The angiogenesis inhibitor TNP470, O-(chloro-acetyl-carbamoyl) fumagillol, a synthetic analogue of fumagillin, suppressed the expression of MetAP2 in human neuroblastoma and thus, MetAP2 may be an important molecular target for human neuroblastomas (Morowitz et al., 2005). The intracellular enzyme MetAP2 became such a candidate target enzyme due to its inactivation by the widely investigated anticancer agent TNP470 (Abe et al., 1994; Adams et al., 2004; Griffith et al., 1997; Hu et et al., 2006; Hu et al., 2007; Sin et al., 1997). Previously, inhibition of MetAP2 by TNP470 has been shown to activate p53 for cell-cycle arrest. In fact, the primary mouse embryonic fibroblasts were demonstrated to be sensitive to TNP470 and other MetAP2-specific inhibitors in a p53-dependent fashion. Several MetAP2 inhibitors were studied based on the inhibition of MetAP activity (Griffith et al., 1998; Antoine et al., 1994; Kusaka et al., 1994; Wang et al., 2000; Wang et al., 2003; Yeh et al., 2000; Zhang et al., 2000; Kim et al., 2004; Towbin et al., 2003).

Various cancer

MetAP2 inhibitors
It has been reported that MetAP2 could function as an oncogene (Tucker et al., 2008). Furthermore, various Src family tyrosine kinases, ADP ribosylation factors and eukaryotic transcription elongation factor-2 were substrates of MetAP2 which plays a significant role in the progression of metastasis (Tucker et al., 2008). A derivative of the natural product fumagillin, TNP470 has been shown to be safe and effective in the treatment of solid tumors in several animal studies and preclinical trials. TNP470 entered human clinical trials for the treatment of AIDS-related Kaposis sarcoma, metastatic breast cancer, androgen-independent prostate cancer, pediatric solid tumors, lymphomas, acute leukemia, advanced squamous cell cancer of the cervix, and metastatic renal carcinoma (Dezube et al., 1998; Kruger and Figg, 2000; Kudelka et al., 1997). Several MetAP2 inhibitors were studied based on the inhibition of MetAP activity (Griffith et al., 1998; Antoine et al., 1994; Kusaka et al., 1994; Wang et al., 2000; Yeh et al., 2000; Zhang et al., 2000; Kim et al., 2004). Previously, inhibition of MetAP2 by TNP470 has been shown to activate p53 for cell-cycle arrest (Yeh et al., 2000; Zhang et al., 2000).

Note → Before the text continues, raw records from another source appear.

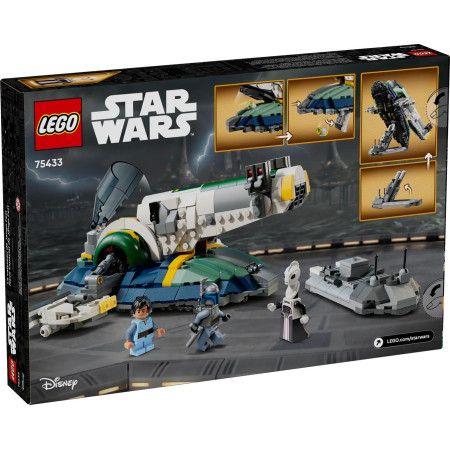LEGO Star Wars 75433 Jango Fetto Kosminis Laivas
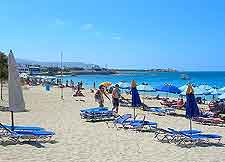 Picture of the Agios Prokopios Beach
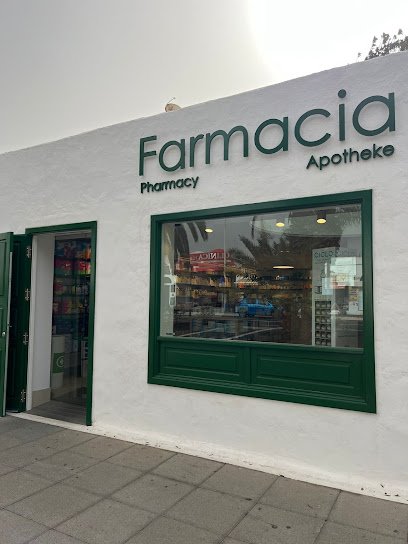 Farmacia FARMACIA PUEBLO MARINERO Farmacia Bruna Becerra en Costa Teguise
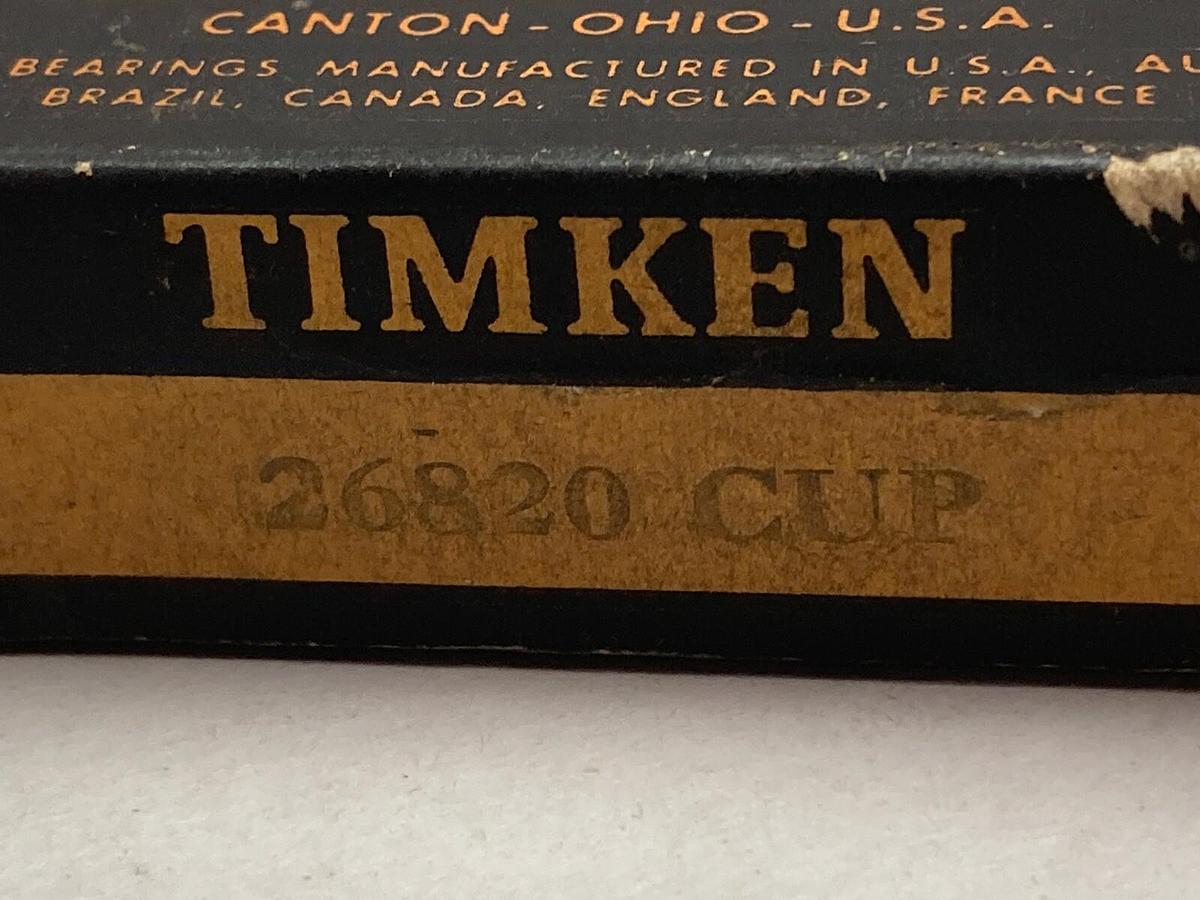 Timken,26820,Tapered Roller Bearing Assembly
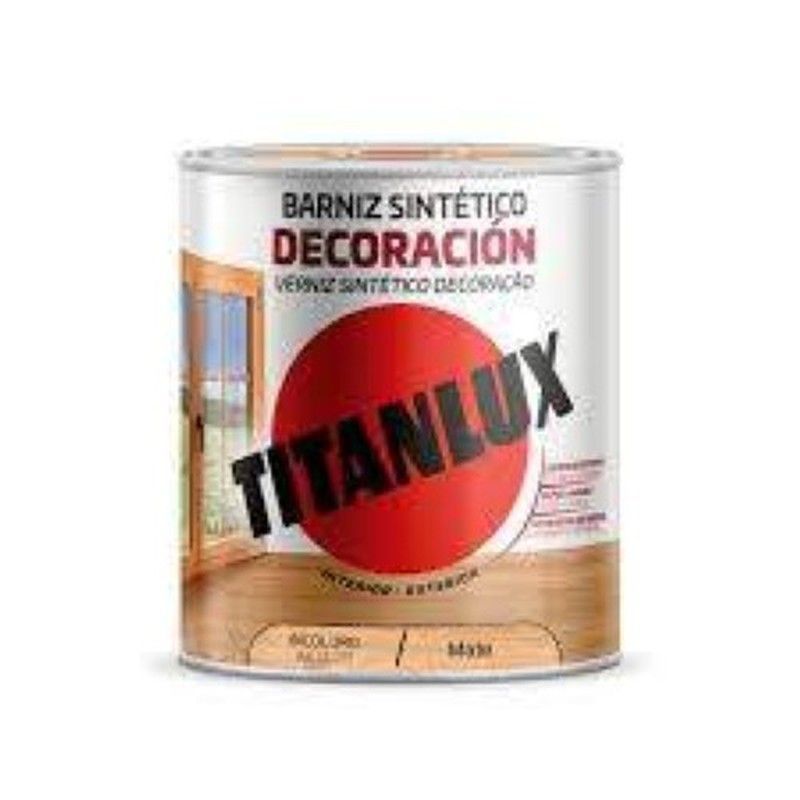 Titanlux Barniz Deco Incol Mate 250M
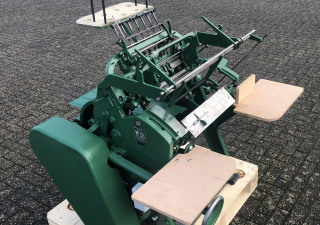 Máquina de coser Brehmer 39 usada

The Src family kinases have been shown to play pivotal roles in cell-cycle progression, making them potential candidates to mediate the cell-cycle effects of MetAP inhibitors. MetAP2 plays a critical role in the proliferation of endothelial cells and certain tumor cells and thus serves as a promising target for anti-angiogenesis and anti-cancer drugs (Bo et al., 2004). The inhibition of MetAP2 expression in mesothelioma cells leads to cell death and that such apoptosis is avoided in cases where there is overexpression of Bcl-2 (Catalano et al., 2001). The upregulation of Bcl-2 in colorectal cancer is well established by various investigators (Rajala et al., 2000; Yu et al., 2003; Valassiadou et al., 1997).